# [About this exercise]
The line containing "Mortukai.com QR code" marks the end: output every line of the data up to it, and that line too, exactly as written.
===== Material to process
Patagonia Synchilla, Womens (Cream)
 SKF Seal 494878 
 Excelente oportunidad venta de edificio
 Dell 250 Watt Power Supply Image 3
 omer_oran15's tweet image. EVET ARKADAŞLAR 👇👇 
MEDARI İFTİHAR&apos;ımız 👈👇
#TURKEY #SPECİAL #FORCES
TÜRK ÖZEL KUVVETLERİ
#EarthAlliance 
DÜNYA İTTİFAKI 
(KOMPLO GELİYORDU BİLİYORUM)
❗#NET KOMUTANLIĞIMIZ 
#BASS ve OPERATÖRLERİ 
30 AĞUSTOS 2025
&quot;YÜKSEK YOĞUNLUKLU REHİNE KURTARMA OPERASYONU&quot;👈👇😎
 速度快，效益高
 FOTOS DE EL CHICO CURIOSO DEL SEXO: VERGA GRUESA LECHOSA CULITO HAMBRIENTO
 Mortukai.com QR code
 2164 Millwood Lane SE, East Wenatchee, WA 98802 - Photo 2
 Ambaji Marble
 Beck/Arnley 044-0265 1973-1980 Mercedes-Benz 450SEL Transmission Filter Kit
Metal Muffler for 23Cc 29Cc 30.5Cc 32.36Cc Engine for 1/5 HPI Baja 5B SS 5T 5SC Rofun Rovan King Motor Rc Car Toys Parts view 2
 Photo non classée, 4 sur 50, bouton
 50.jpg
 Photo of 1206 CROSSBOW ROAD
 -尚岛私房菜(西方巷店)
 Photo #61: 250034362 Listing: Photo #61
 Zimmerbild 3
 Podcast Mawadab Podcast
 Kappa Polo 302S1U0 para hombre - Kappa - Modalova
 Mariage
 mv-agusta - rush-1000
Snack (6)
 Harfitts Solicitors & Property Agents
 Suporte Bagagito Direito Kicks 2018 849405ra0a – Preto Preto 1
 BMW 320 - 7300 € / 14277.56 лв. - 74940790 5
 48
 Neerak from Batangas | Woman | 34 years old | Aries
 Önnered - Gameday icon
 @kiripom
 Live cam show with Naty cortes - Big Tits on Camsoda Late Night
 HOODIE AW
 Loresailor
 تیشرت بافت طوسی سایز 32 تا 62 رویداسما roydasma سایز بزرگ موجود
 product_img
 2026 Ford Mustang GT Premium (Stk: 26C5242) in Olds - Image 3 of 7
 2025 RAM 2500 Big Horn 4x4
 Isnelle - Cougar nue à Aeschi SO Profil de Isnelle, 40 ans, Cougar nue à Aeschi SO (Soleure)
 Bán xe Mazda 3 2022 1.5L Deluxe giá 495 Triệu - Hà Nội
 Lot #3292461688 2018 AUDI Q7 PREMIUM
==========
# [Answer to the exercise]
Patagonia Synchilla, Womens (Cream)
 SKF Seal 494878 
 Excelente oportunidad venta de edificio
 Dell 250 Watt Power Supply Image 3
 omer_oran15's tweet image. EVET ARKADAŞLAR 👇👇 
MEDARI İFTİHAR&apos;ımız 👈👇
#TURKEY #SPECİAL #FORCES
TÜRK ÖZEL KUVVETLERİ
#EarthAlliance 
DÜNYA İTTİFAKI 
(KOMPLO GELİYORDU BİLİYORUM)
❗#NET KOMUTANLIĞIMIZ 
#BASS ve OPERATÖRLERİ 
30 AĞUSTOS 2025
&quot;YÜKSEK YOĞUNLUKLU REHİNE KURTARMA OPERASYONU&quot;👈👇😎
 速度快，效益高
 FOTOS DE EL CHICO CURIOSO DEL SEXO: VERGA GRUESA LECHOSA CULITO HAMBRIENTO
 Mortukai.com QR code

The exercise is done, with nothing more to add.